Department of Computer Science, University of Colorado Boulder, United States; Institute of Cognitive Science, University of Colorado Boulder, United States.
Institute of Cognitive Science, University of Colorado Boulder, United States.
Psychiatry Res. 2024 Nov;341:116119. doi: 10.1016/j.psychres.2024.116119. Epub 2024 Aug 3.
Natural Language Processing (NLP) methods have shown promise for the assessment of formal thought disorder, a hallmark feature of schizophrenia in which disturbances to the structure, organization, or coherence of thought can manifest as disordered or incoherent speech. We investigated the suitability of modern Large Language Models (LLMs - e.g., GPT-3.5, GPT-4, and Llama 3) to predict expert-generated ratings for three dimensions of thought disorder (coherence, content, and tangentiality) assigned to speech samples collected from both patients with a diagnosis of schizophrenia (n = 26) and healthy control participants (n = 25). In addition to (1) evaluating the accuracy of LLM-generated ratings relative to human experts, we also (2) investigated the degree to which the LLMs produced consistent ratings across multiple trials, and we (3) sought to understand the factors that impacted the consistency of LLM-generated output. We found that machine-generated ratings of the level of thought disorder in speech matched favorably those of expert humans, and we identified a tradeoff between accuracy and consistency in LLM ratings. Unlike traditional NLP methods, LLMs were not always consistent in their predictions, but these inconsistencies could be mitigated with careful parameter selection and ensemble methods. We discuss implications for NLP-based assessment of thought disorder and provide recommendations of best practices for integrating these methods in the field of psychiatry.

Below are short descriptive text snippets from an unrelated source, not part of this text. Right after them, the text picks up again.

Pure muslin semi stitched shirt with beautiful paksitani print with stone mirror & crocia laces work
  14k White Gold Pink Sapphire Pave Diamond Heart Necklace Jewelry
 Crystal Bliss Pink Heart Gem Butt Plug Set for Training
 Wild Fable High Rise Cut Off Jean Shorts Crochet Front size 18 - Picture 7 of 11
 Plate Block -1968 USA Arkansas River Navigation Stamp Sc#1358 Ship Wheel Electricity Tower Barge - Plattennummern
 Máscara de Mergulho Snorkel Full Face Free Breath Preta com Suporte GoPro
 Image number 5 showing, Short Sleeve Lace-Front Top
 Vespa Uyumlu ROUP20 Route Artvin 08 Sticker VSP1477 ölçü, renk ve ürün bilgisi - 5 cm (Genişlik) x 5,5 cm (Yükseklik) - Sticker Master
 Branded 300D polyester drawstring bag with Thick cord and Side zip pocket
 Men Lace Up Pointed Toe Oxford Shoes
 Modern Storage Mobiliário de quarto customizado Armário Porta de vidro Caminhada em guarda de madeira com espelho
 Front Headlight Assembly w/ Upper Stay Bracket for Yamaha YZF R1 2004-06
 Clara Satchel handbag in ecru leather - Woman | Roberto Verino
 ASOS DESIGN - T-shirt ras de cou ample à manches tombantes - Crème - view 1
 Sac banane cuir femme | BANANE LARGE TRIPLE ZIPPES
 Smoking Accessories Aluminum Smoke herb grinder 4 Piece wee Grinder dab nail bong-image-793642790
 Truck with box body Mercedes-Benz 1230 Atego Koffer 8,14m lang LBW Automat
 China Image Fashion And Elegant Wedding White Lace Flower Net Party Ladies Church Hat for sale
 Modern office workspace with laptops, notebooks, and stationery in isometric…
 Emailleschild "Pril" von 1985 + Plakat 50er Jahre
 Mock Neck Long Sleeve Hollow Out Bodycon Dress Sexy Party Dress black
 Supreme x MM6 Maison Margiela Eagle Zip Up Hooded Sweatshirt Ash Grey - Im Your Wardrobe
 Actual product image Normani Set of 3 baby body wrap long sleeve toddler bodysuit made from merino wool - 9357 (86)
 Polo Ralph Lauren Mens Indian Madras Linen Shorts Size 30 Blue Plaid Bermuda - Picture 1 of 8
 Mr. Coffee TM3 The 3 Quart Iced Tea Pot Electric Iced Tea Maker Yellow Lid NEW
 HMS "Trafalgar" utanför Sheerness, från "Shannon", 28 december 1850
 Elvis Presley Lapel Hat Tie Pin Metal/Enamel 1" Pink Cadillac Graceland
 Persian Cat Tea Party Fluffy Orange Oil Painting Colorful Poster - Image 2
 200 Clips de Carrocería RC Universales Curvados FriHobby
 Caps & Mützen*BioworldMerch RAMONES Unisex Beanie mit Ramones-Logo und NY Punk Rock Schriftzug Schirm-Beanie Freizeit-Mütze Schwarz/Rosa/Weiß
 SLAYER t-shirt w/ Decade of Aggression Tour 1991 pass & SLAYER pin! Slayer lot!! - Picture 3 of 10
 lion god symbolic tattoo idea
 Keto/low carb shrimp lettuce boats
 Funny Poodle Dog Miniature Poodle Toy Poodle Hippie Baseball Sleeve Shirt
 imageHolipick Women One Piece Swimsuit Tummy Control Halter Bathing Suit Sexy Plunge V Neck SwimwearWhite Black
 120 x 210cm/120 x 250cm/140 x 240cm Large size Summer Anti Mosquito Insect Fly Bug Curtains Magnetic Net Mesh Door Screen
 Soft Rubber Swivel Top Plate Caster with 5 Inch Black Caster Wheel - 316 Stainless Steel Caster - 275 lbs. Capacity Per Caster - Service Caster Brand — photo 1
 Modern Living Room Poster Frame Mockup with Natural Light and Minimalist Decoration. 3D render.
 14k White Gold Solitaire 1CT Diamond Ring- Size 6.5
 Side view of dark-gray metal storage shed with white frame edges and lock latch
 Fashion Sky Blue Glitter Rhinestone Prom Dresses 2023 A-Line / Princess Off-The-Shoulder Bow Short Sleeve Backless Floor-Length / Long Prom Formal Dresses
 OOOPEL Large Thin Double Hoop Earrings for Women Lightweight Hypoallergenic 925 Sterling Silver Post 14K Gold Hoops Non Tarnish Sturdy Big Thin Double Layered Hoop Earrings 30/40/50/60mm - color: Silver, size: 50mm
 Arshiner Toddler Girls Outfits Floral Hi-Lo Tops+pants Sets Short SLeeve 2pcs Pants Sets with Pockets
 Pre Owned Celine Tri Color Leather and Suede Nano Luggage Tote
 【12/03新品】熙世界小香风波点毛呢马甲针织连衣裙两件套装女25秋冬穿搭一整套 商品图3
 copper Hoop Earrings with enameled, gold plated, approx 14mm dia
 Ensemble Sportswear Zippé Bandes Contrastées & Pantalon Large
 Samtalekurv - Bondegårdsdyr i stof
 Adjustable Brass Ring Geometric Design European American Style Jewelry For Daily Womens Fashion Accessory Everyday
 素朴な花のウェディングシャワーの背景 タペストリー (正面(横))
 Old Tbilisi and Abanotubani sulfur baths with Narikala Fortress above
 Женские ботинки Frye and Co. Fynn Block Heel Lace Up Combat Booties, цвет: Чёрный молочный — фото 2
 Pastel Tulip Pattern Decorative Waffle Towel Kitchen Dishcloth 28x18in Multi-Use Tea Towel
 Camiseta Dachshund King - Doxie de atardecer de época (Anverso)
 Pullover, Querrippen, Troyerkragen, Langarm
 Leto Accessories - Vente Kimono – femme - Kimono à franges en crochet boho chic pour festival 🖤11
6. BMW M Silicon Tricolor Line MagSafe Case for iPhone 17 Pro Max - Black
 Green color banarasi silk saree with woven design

自然语言处理(NLP)方法在评估形式思维障碍方面显示出了潜力,这是精神分裂症的一个标志性特征,其中思维的结构、组织或连贯性的紊乱可能表现为言语紊乱或不连贯。我们研究了现代大型语言模型(例如 GPT-3.5、GPT-4 和 Llama 3)在预测专家对言语样本中三个思维障碍维度(连贯性、内容和离题)的评分方面的适用性,这些言语样本来自被诊断为精神分裂症的患者(n=26)和健康对照组参与者(n=25)。除了(1)评估 LLM 生成的评分相对于人类专家的准确性外,我们还(2)研究了 LLMs 在多次试验中产生一致评分的程度,并且我们(3)试图了解影响 LLM 生成输出一致性的因素。我们发现,机器生成的言语思维障碍程度评分与专家人类的评分相当吻合,并且我们发现 LLM 评分的准确性和一致性之间存在权衡。与传统的 NLP 方法不同,LLMs 的预测并不总是一致,但通过仔细选择参数和集成方法可以减轻这些不一致性。我们讨论了基于 NLP 的思维障碍评估的影响,并为在精神病学领域整合这些方法提供了最佳实践建议。